Somebody said to me this morning, “How are you doing?” And my typical answer to that is that I’m doing fairly well. I don’t have any problems that money can’t solve. Usually gets a little chuckle, but when you stop and you think about it, that’s actually a very good place to me in life to only have problems that money can’t solve or to have not have any problems that money can’t solve. Because there are excruciating problems that people are going through. Everybody in this room has some kind of suffering that you’re going through, and I’m not talking about an inconvenience like me having a leak in the roof of our travel trailer and taking it over and it has to stay three weeks to get fixed. That’s the inconvenience of affluence. That’s not suffering.
I read a story once about a man who went deer hunting with his 18 year old son. Mistook his son for a deer, accidentally shot him, killed his 18 year old, and then turned the same gun on himself and committed suicide. One of my fraternity brothers in college, when he was a teenager not far from where we’re sitting here today, was driving too fast on a dirt road, swerved to miss an oncoming car, ran into a tree and has now spent the rest of his life in a wheelchair. He and I became believers about the same time. He was convinced, absolutely convinced, he believed that God was going to heal him. God never healed him. He’s still in a wheelchair.
This morning I took another migraine pill. So I have been wrestling with migraine headaches since the age of 18. I’ve had my fair share of sufferings, as have you had your fair share of sufferings. So today, what we want to do is we want to tackle this topic, answers to your questions about suffering, and first off, I want us to look at the questions raised by suffering.
THE QUESTIONS RAISED BY SUFFERING
You know them. First of all, why is there suffering at all? And then because we know that there is suffering, the classic questions: Does God know what’s going on? Because if he doesn’t know, then he’s not omniscient. Does he know? Does he care? Because if he doesn’t care, then where is this idea that God is good, benevolent and loving? Does he know? Does he care? And then can he do anything about it? Does he have the power? The Bible reports that God is omnipotent. Does he have the power to do something about all of this suffering? And then if he does know and he does care and he can do something about it, why isn’t he? Why isn’t he?
So these are some of the core questions that we have about suffering. Now I want us to take a look at this text, and we’ll get into these questions. I mean, the idea here is that I’m hoping you’ll have a fairly decent idea of the answers to these questions or other questions that you might have about suffering by the time we’re done with this relatively short message.

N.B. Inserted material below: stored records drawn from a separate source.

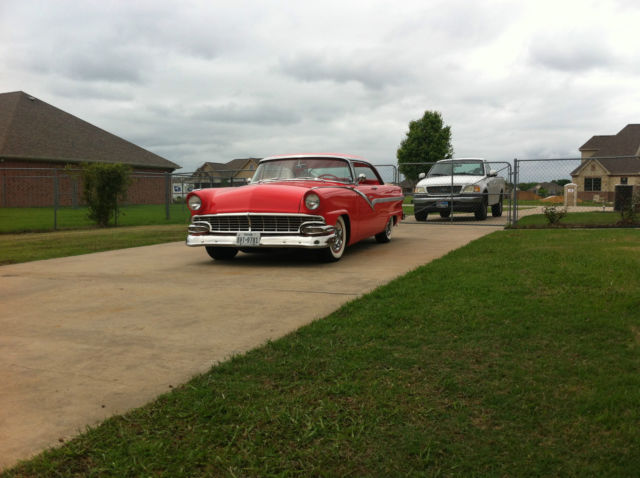 1956 Fiesta Red Ford Victoria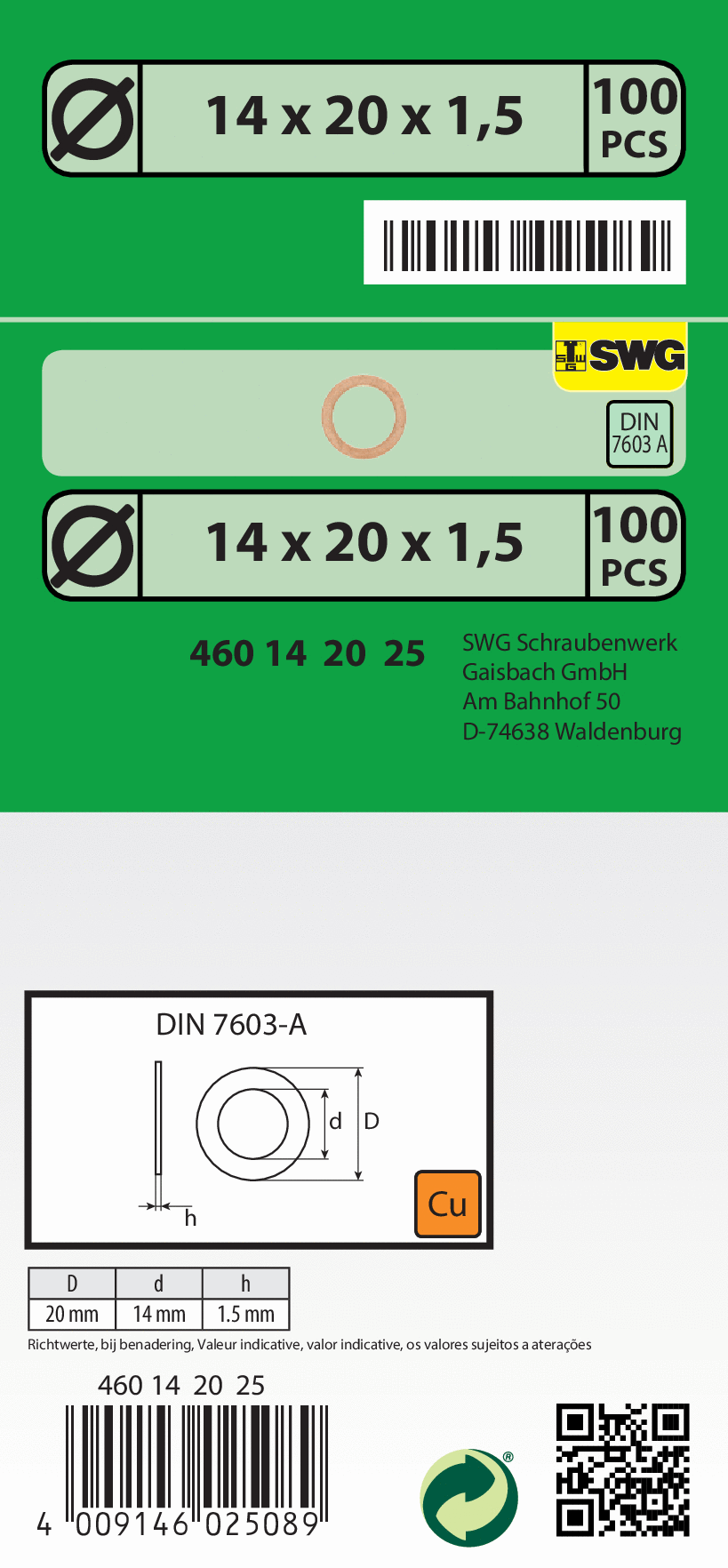 Seal Ring, oil drain plug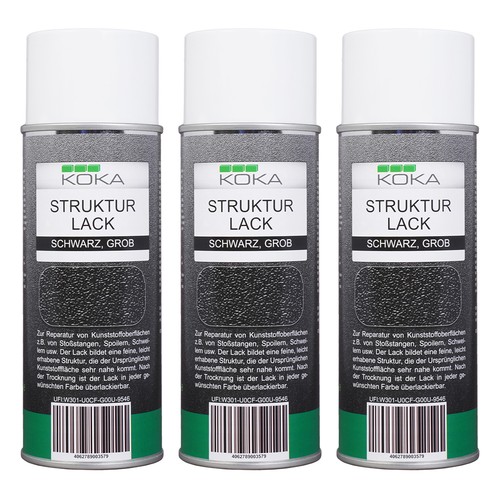 Koka struktur lack - 3x,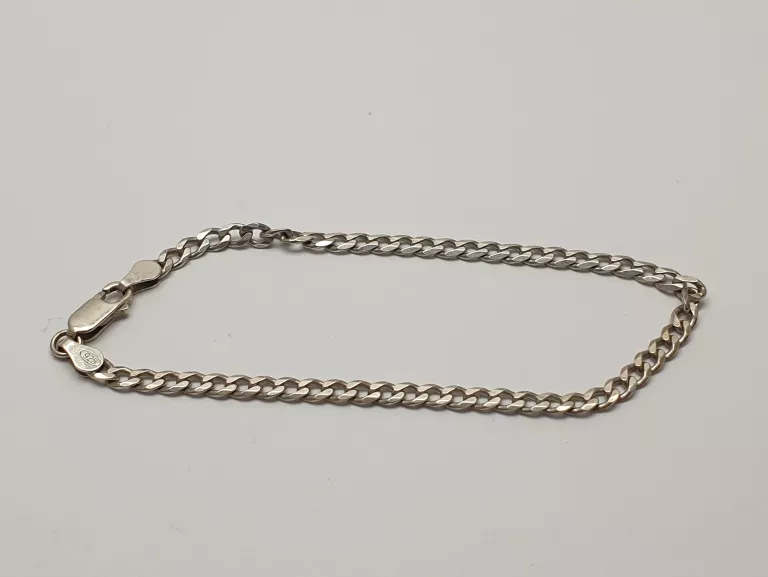 SREBRO - WYRÓB JUBILERSKI UŻYWANY BRANSOLETKA PANCERKA 925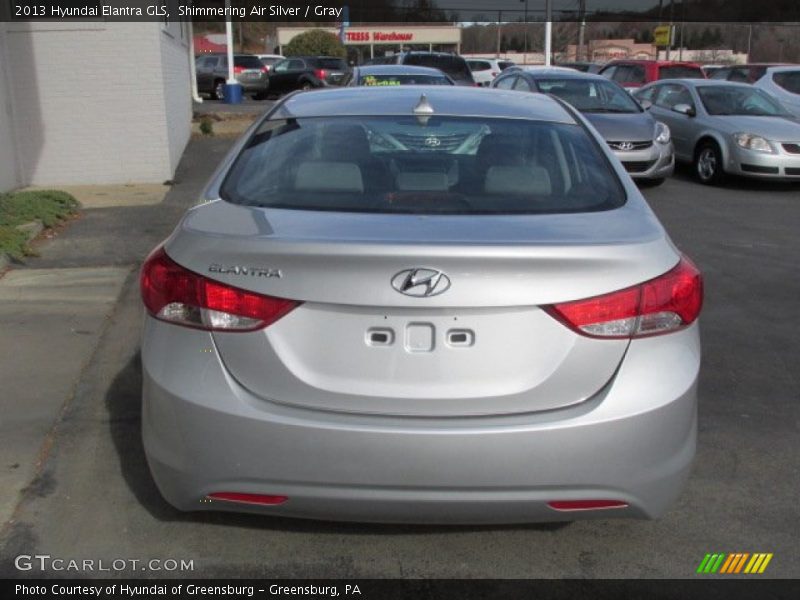Shimmering Air Silver / Gray 2013 Hyundai Elantra GLS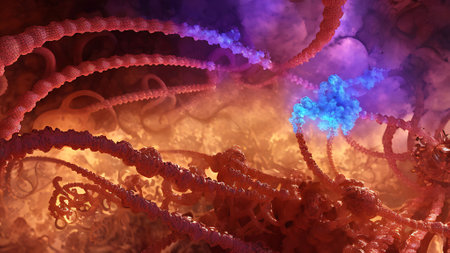 3d abstract computer generated fractal design.Fractal is never-ending pattern.Fractals are infinitely complex patterns that are self-similar across different scalesの素材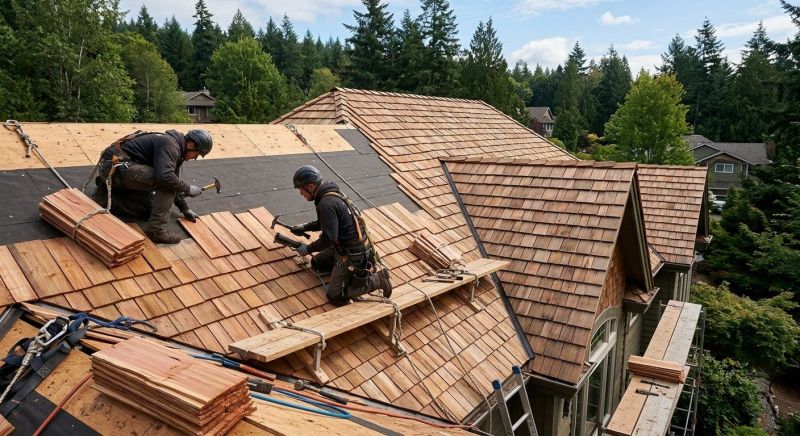 Wood Roofing Installation in Willsboro, NY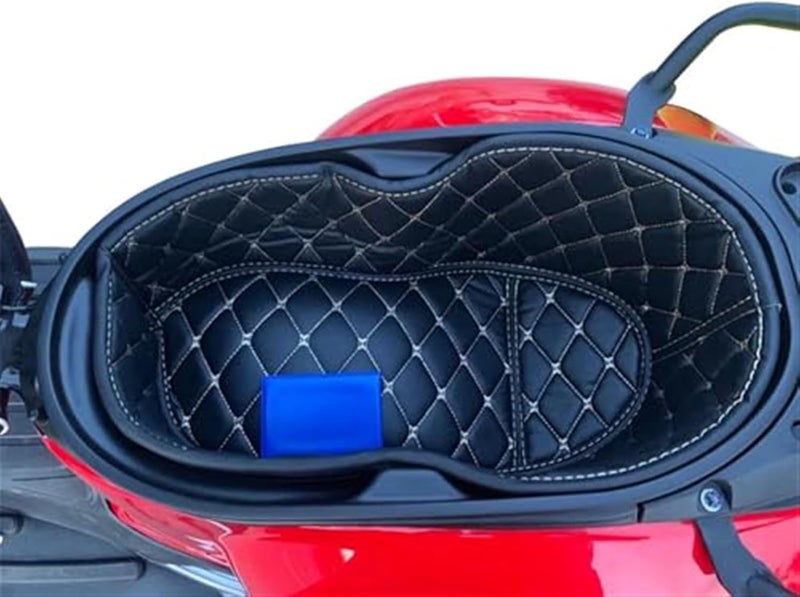 QASULER Motorcycle Storage Box Liner - Black Red - Image 3
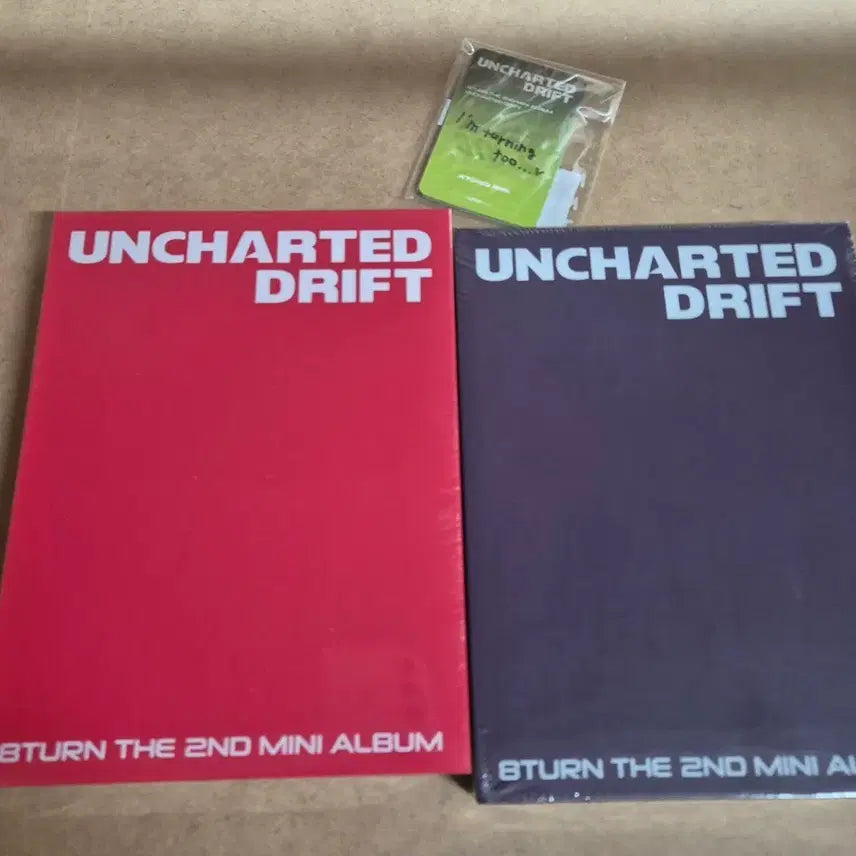 [BUNJANG] 8TURN Uncharted Drift Album + Photocard / 8TURN Uncharted Drift 앨범 (미개봉)+포카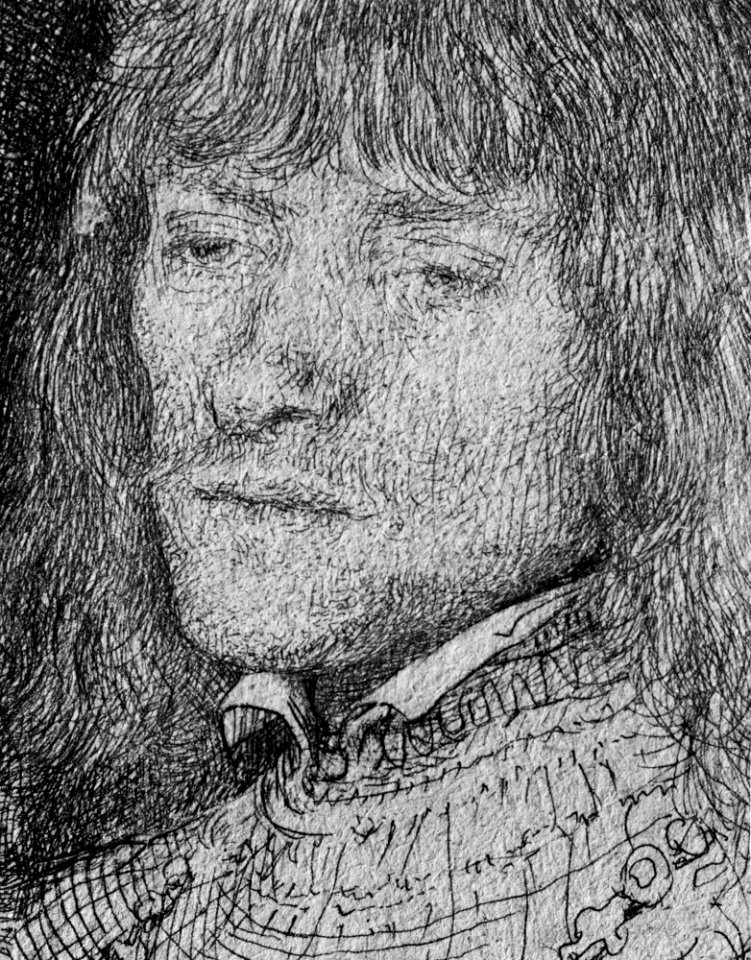 Man at a Desk Wearing a Cross and Chain MET MM10544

The reason I’m wanting us to focus on suffering here this week is in the last message, whether you’re here or not, we were talking about making decisions that reflect God’s will. We looked at the story of Jesus in the Garden of Gethsemane where he was suffering. And he said, “Father, if you’re willing, please take away this cup of my suffering. Yet not what I will but you will.” So the Big Idea was: A disciple asks what does the master need, not what do I want.
So I want to go to where we need to be on this what does the master need and how do we execute that, but it just seemed like we needed a pause here and talk about the reason that this came up at all, the problem of suffering.
So at John 16:33, this is the last, let’s just call it the last formal teaching of Jesus. This is in the upper room after dinner I suppose. John 14, 15, 16. Right before the prayer that he prays over them, before they go out into the night. Then in verse 33, “I have told you these things.” All the things that are his core teachings that Jesus has been communicating to his disciples. He’s wrapping it up now, and he says, “I have told you these things so that in me you may be happy, healthy, and wealthy.” I mean, there are people, there are these false gospels out there. There are many false gospels out there. But there is a false gospel. Honestly, I don’t know how anybody can read the Bible and come up with this false gospel, but there is a gospel that is deep entrenched all around the world that says that Jesus has taught his disciples all these things to be happy, healthy, and wealthy. That that’s the reason for becoming a Christian. I actually heard that. I actually heard that, and it was attractive. It was attractive.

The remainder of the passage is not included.